In Program 1 Hello world gets printed just once, but when I remove \n and run it (Program 2), the output gets printed 8 times. Can someone please explain me the significance of \n here and how it affects the fork()?
Program 1
#include <sys/types.h>
#include <unistd.h>
#include <stdio.h>
#include <stdlib.h>
int main()
{
printf("hello world...\n");
fork();
fork();
fork();
}
Output 1:
hello world...
Program 2
#include <sys/types.h>
#include <unistd.h>
#include <stdio.h>
#include <stdlib.h>
int main()
{
printf("hello world...");
fork();
fork();
fork();
}
Output 2:
hello world... hello world...hello world...hello world...hello world...hello world...hello world...hello world...
Best Answer
When outputting to standard output using the C library's
printf()function, the output is usually buffered. The buffer is not flushed until you output a newline, callfflush(stdout)or exit the program (not through calling_exit()though). The standard output stream is by default line-buffered in this way when it's connected to a TTY.When you fork the process in "Program 2", the child processes inherits every part of the parent process, including the unflushed output buffer.
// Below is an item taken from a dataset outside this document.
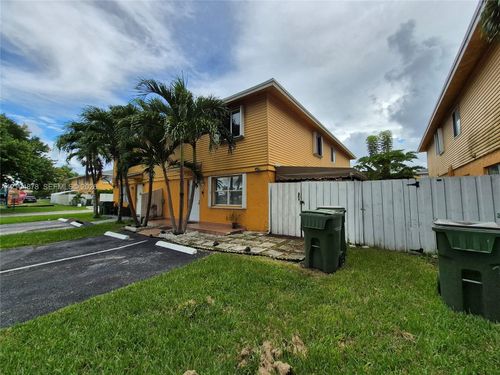 203-203 Ne 12th Ave, Homestead, FL, 33030-6219 | Card Image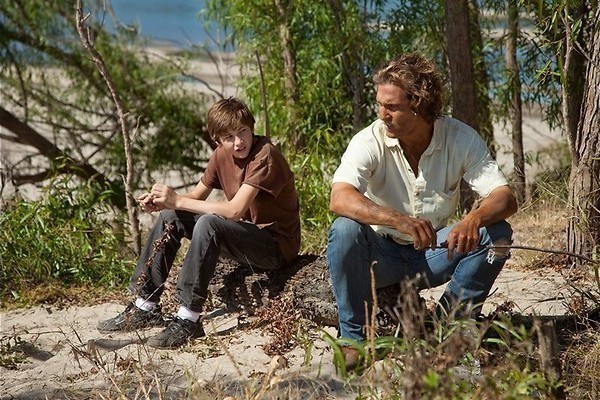 Matthew McConaughey woont in een boom in Mud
This effectively copies the unflushed buffer to each child process.
When the process terminates, the buffers are flushed. You start a grand total of eight processes (including the original process), and the unflushed buffer will be flushed at the termination of each individual process.
It's eight because at each
fork()you get twice the number of processes you had before thefork()(since they are unconditional), and you have three of these (23 = 8).